How to keep your router safe
The NSA has provided organizations with a list of the best ways to protect your home network. The most important thing you can do if you are using one of the affected devices is to update your router as soon as possible. It may not have received firmware updates in years, such as leaving your network door open.
“The more you keep doing that, the greater the risk,” said Rik Ferguson, vice president of security intelligence at Forescout. “A router sits in a privileged position in any network. All your connections, all your traffic, have to go through that device.”
In addition to using a new device that still receives security updates, there are a few other steps you can take to lock down your network:
- Update your firmware regularly: Many communication devices allow you to enable automatic firmware updates in the settings. If this is an option, I would highly recommend doing it. If not, you can get updates for your router by logging into its web interface or using its app.
- Restart your router: NSA guidance recommends rebooting your router, smartphone and computers at least once a week. “Frequent restarts help remove bugs and ensure safety,” the agency said.
- Change the default usernames and passwords: One of the most common ways hackers gain access is by trying default login credentials, set by the manufacturer. “There’s a global underground economy underneath all of that,” Ferguson said. “Basically, they just harvest information, either through their own attacks, or by collecting it from other sources and buying it.” This username and password combination is unique to your Wi-Fi login, which should also be changed every six months or so. The longer and more random your password is, the better.

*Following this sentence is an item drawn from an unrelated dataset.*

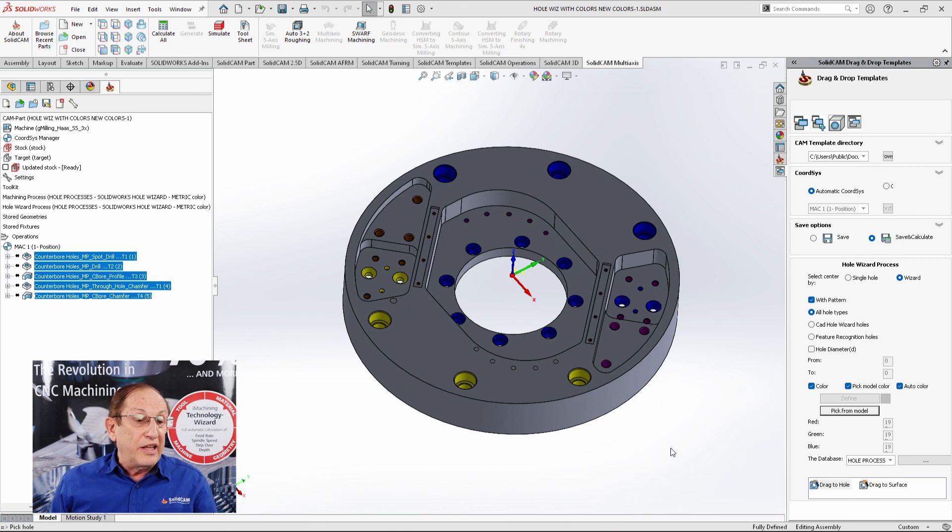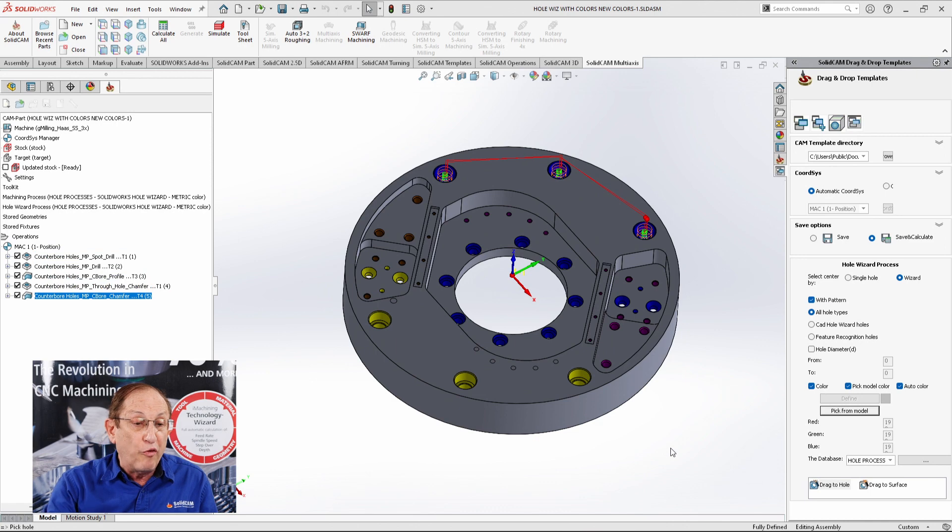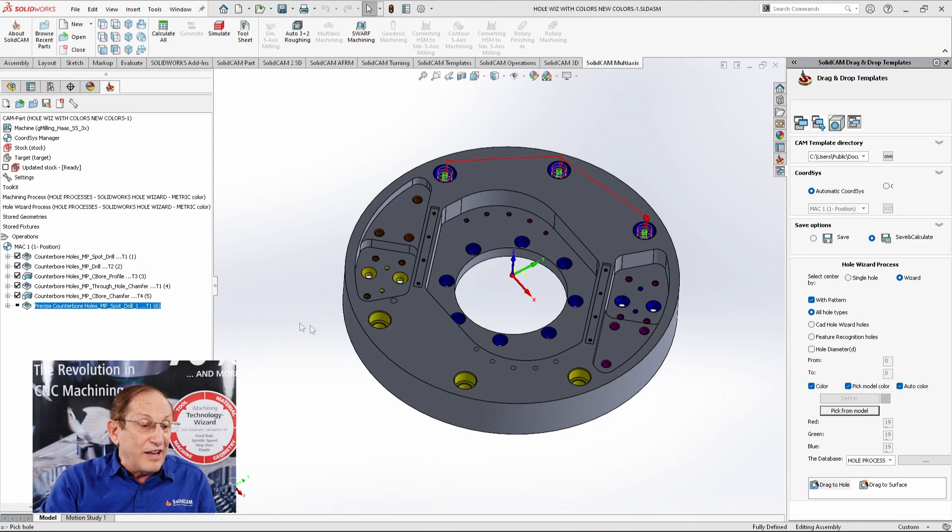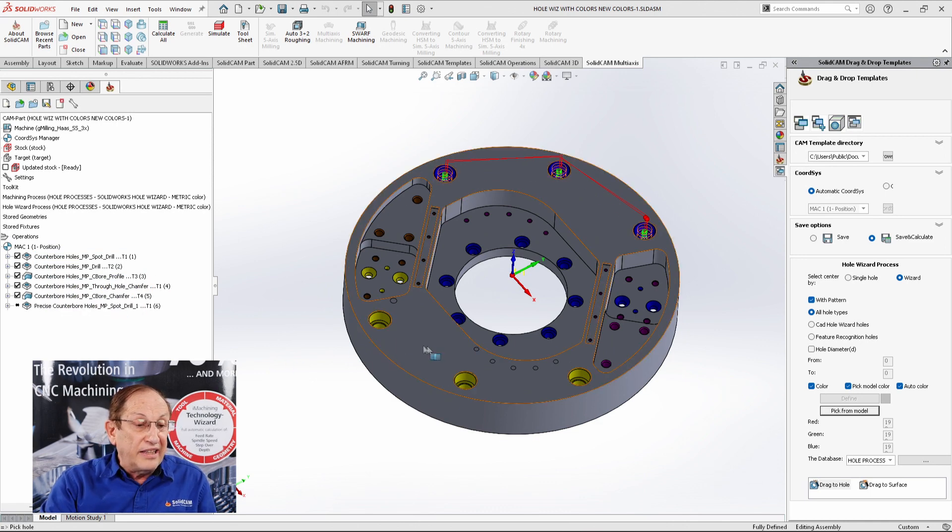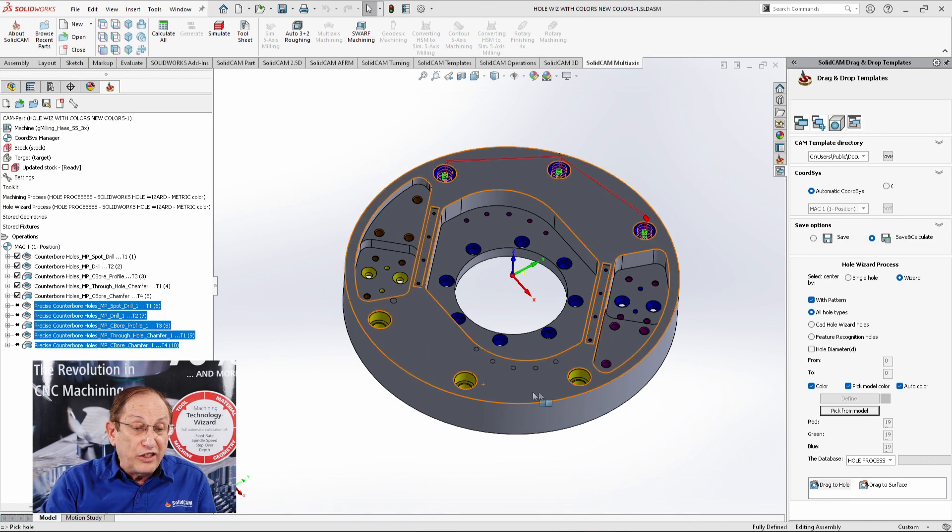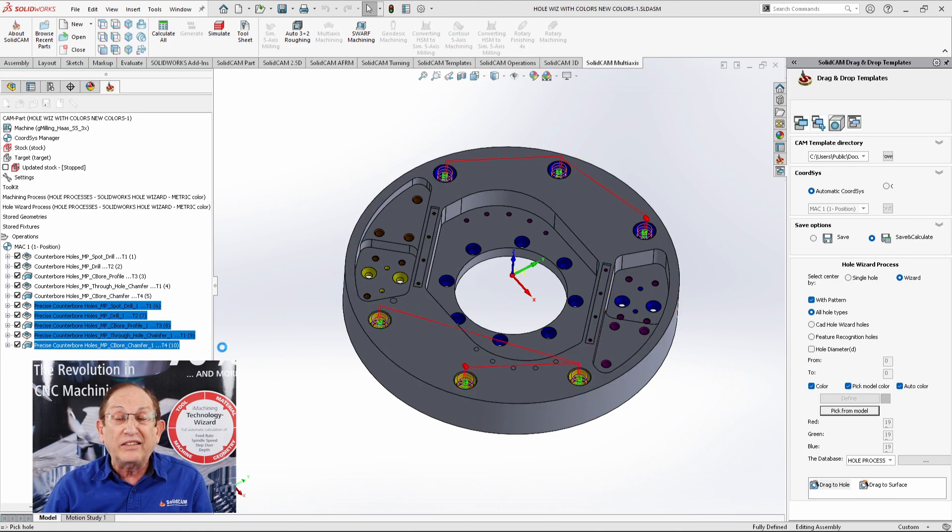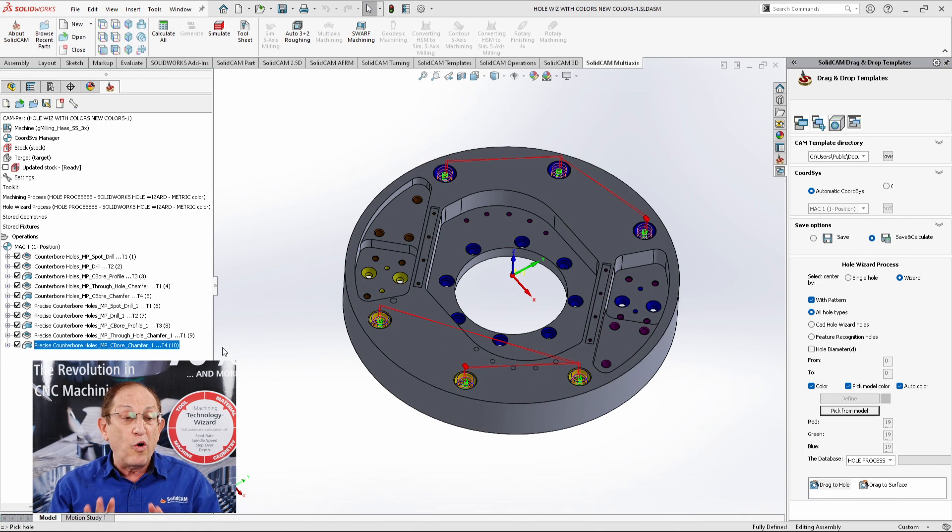You see it's creating the operations for these holes on top over here, and it's also creating it automatically for these holes over here. Different processes for different holes according to colors.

- Disable remote administration: Most regular users don’t need to remotely manage their Wi-Fi router, and this is one of the main ways that malicious actors can change your router’s settings without your knowledge. You can usually find this option in your router administrator settings.
- Use a VPN: The FBI’s announcement about the attack specifically recommends that organizations with remote employees use a VPN when accessing sensitive data. These services encrypt your traffic as it passes through a remote server, keeping it safe from hackers.